- _Required work_:
The entire listing that follows must be repeated exactly, pictures excluded.

- _Supplied data_:
————

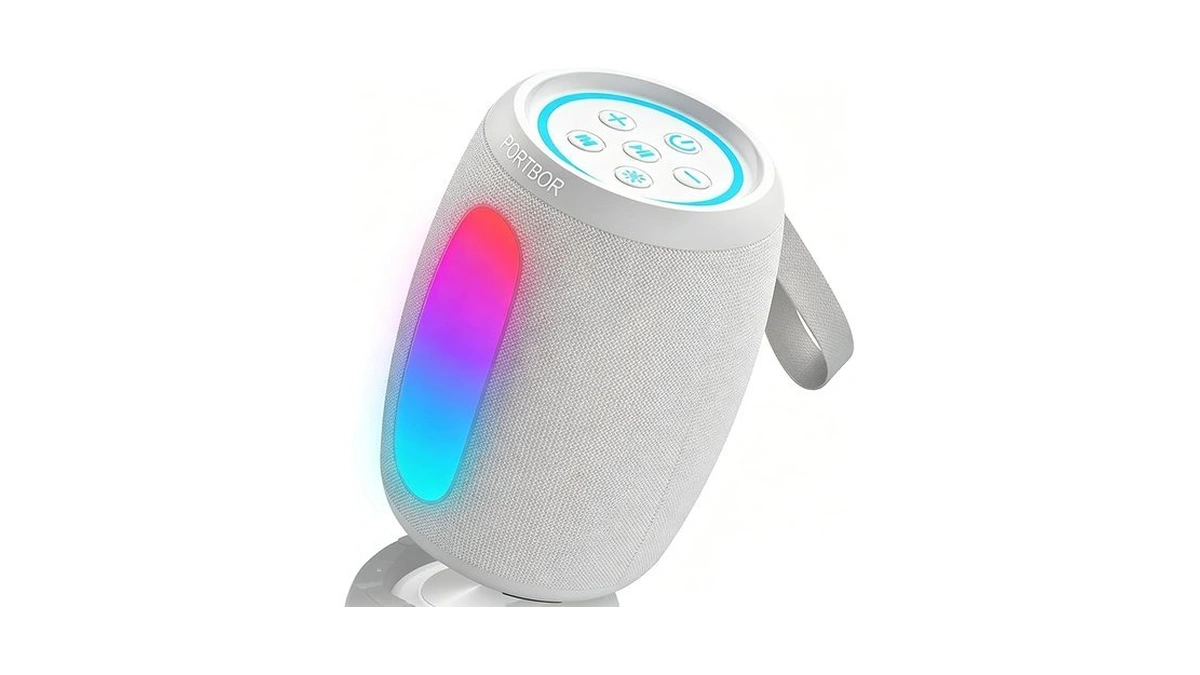 Bluetooth Speaker, Portable Wireless, Powerful Stereo Sound/8 Modes Light, 36h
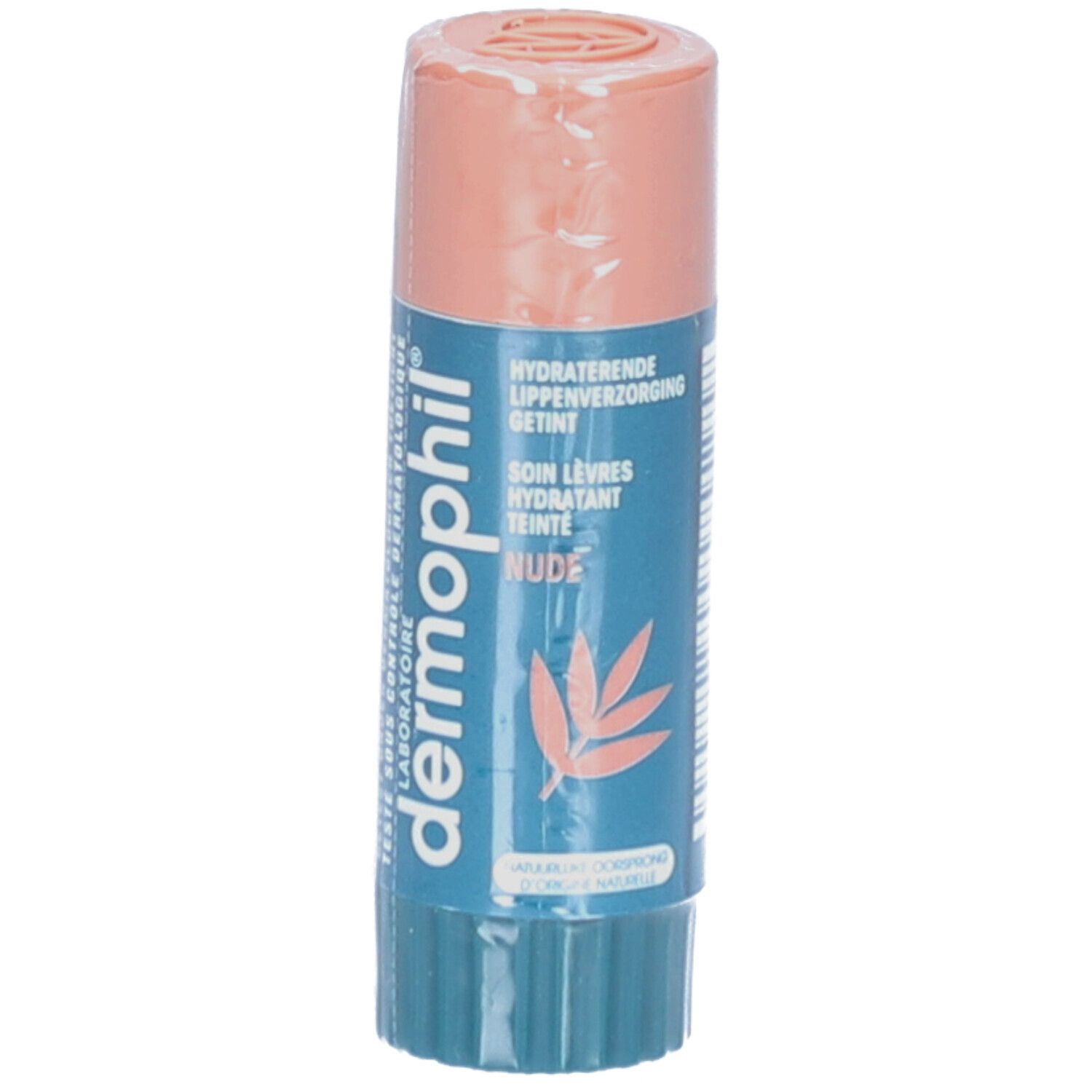 Lipverzorgingsstick in transparante verpakking. Blauwe en beige tinten. Opschrift: Dermophil, Getint Nude.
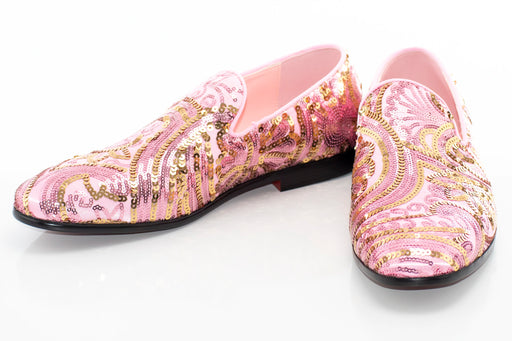 Pink And Gold Sequined Loafer - Vamp, Toe, Outsole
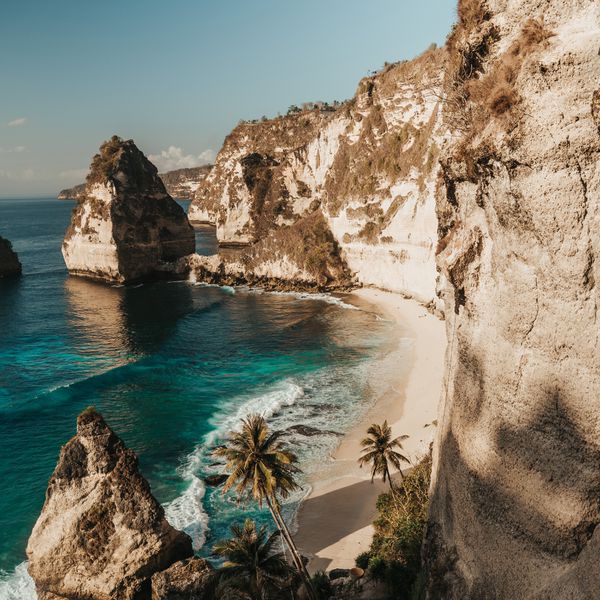 A view of the beach in Bali, Indonesia, a romantic honeymoon destination.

————

- _Answer_:
 Bluetooth Speaker, Portable Wireless, Powerful Stereo Sound/8 Modes Light, 36h
 Lipverzorgingsstick in transparante verpakking. Blauwe en beige tinten. Opschrift: Dermophil, Getint Nude.
 Pink And Gold Sequined Loafer - Vamp, Toe, Outsole
 A view of the beach in Bali, Indonesia, a romantic honeymoon destination.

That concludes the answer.